Christoph Blocher veut couper court à des rumeurs sur une prise de parts dans le capital-actions du quotidien alémanique « Neue Zürcher Zeitung » (NZZ). Dans une interview au « Matin Dimanche », le tribun zurichois assure que le journal est « trop strictement radical » pour l’intéresser.

« Pour être actionnaire de la NZZ, il faut être radical », selon le cahier économique du quotidien, explique M. Blocher, également interviewé par la « SonntagsZeitung » et la « Schweiz am Sonntag ». « Et je n’ai pas l’intention de changer de parti », souligne-t-il, ajoutant que « si la NZZ peut écrire quelque chose contre l’UDC, elle n’hésite pas à l’imprimer ».
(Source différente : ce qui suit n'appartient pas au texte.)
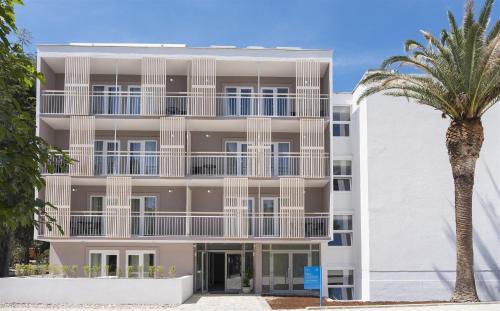 an apartment building with a palm tree in front of it at Aminess Vival Port9 Resort in Korčula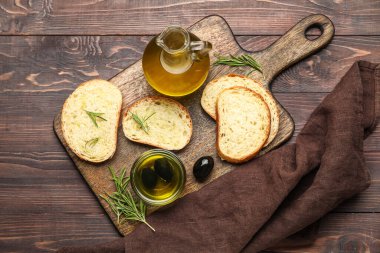 Board with slices of fresh bread and olive oil on wooden background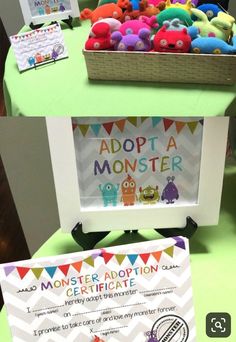 there is a sign that says adopt a monster next to some toys on the table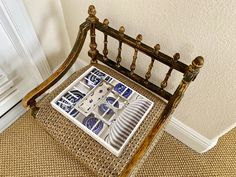 a chair with blue and white plates on it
Le président d’honneur de l’UDC, qui est aujourd’hui l’un des actionnaires de la « Basler Zeitung » (BaZ), exclut aussi toute forme d’association entre le quotidien bâlois et la « NZZ ». La holding Medienvielfalt (MVH) « a été fondée pour maintenir l’indépendance éditoriale du journal » bâlois, rappelle-t-il.

Les trois actionnaires actuels, Rolf Bollman, Markus Somm et lui-même, « garantissent cette autonomie ». En juillet 2013, Christoph Blocher avait acquis 20% du capital-actions de la « BaZ » par l’intermédiaire de sa société financière Robinvest. Cette part est désormais de 33%, comme celle des deux autres propriétaires.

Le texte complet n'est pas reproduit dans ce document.